Открывается дверь, и я вижу, что мы стоим посреди погруженного во тьму и подсвечиваемого лишь необходимой иллюминацией аэродрома, на территории которого метелица вздымает снег и закручивает его в мини-торнадо, гоняя их вдоль и поперёк взлётных полос. Никаких тебе телетрапов.

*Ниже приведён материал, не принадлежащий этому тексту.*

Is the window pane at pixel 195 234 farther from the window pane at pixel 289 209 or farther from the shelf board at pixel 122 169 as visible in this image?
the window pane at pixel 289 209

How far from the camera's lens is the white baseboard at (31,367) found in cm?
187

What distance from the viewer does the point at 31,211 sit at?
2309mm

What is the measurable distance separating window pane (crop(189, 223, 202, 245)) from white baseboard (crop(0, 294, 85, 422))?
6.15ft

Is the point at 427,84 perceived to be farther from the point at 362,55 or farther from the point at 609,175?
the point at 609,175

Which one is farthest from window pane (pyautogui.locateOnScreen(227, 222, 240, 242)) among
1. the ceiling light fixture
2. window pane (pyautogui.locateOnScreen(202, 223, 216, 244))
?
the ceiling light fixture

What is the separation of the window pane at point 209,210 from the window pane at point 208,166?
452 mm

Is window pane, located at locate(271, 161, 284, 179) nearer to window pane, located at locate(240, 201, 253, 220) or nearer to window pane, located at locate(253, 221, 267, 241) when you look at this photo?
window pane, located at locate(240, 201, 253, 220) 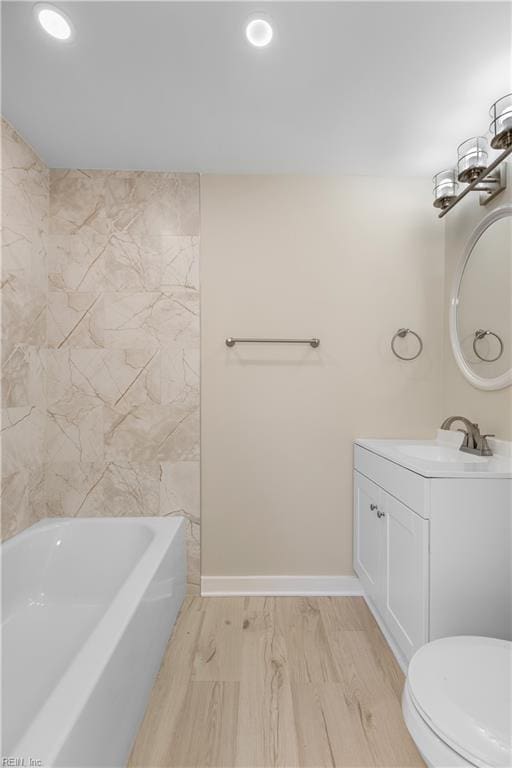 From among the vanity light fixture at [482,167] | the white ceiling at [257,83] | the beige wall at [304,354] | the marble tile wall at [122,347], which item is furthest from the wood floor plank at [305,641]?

Сразу же начинаю чувствовать покалывание острыми морозными иглами своих отвыкших от настоящей стужи щёк. Вдыхаю полной грудью и ощущаю (в морозном воздухе?) что-то до боли знакомое, но так давно и так бессовестно позабытое. И всё же до сих пор такое… родное. Сердце начинает трепетно биться, скорее, от восторга и предвосхищения чего-то сказочного, как бывало в детстве, и необычайного, несмотря на не совсем соответствующую для подобного настроения причину моего нынешнего визита.
— Багаж можно будет получить в багажном отделении аэропорта минут через пятнадцать-двадцать, – оповещает стюардесса, – Будьте осторожны, ступеньки трапа обледенели!

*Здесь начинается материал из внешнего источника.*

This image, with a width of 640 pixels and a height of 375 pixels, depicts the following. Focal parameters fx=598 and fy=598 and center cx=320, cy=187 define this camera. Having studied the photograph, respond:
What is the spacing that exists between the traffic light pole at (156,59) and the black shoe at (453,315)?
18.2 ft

К счастью, мои вещи, уместившись в одну средних размеров сумку, все при мне – так что ждать не придётся. Повесив её себе на плечо, спускаюсь, держась обеими руками за поручни и чувствуя, как прилипает к металлу кожа моих перчаток. Перед глазами клубится густой молочный пар моего дыхания. Начинаю мёрзнуть. Или то нервный озноб от перевозбуждения?.. Не знаю. Все мысли текут как будто вне меня, не подчиняясь моим попыткам ухватиться хотя бы за одну из них. Пока что всё, в чём у меня отражается реальность – это в двух широко-раскрытых глазах, а также… в широко-распахнутом сердце. Что оно в данную минуту видит? Просто оттаивает, похоже…

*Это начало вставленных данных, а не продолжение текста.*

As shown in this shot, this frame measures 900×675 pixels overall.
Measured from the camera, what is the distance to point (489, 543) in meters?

Стемнело, однако, рано: небо чёрное без звёзд и луны, но белизна снега создаёт достаточное освещение. Выхожу в город через кованые заиндевевшие ворота, минуя помещение аэровокзала. Останавливаюсь, оглядываюсь: как всё изменилось! Или же я просто успел всё позабыть? Откуда, интересно, отправляется теперь экспресс?..
— Такси берём, такси.
То не вопрос, а скорее, утверждение. Эти ребята тут как тут, караулят тебя безлошадного; всегда были и останутся, независимо от экономического строя: частные извозчики.
— Хошь вскладчину – дак щас кого сыщем! Обожди, братан, – докладывает другой и убегает.
Стою молча, дышу, пуская две струи пара из ноздрей. Размышляю? Пожалуй, нет. Просто мирно созерцаю, впитываю, адаптируюсь. И, наверное, всё же наслаждаюсь. Чем именно? – не знаю. Мысль, ради чего прилетел и как добираться до места, пробирала меня гораздо медленнее, нежели этот всеобъемлющий и всепроникающий мороз.
— Эдик! Эдька!
Сразу в два голоса – мои сестрёнки. Двоюродные. Барышни-то, глянь, какие – в меха укутаны: вот это по-сибирски! Вот это по-нашему. Сестрёнки… сколько ж я вас не видал? Два десятилетия, что ль, с копейками? Треть жизни среднестатистического гражданина… Боже мой.
— Женя! Тома!...
Ну, здравствуйте, дорогие мои! Сколько лет, сколько зим! Как вы? Да ничего, потихоньку, как видишь. Вижу. А ты сам-то как? Тоже хорошо… Долетел нормально? Да чего там… долетел, конечно, куда денусь! Замёрз? Отвык от наших-то морозов, небось? Отвык, сестрёнки, совсем отвык… Но н-не з-замёрз, нет!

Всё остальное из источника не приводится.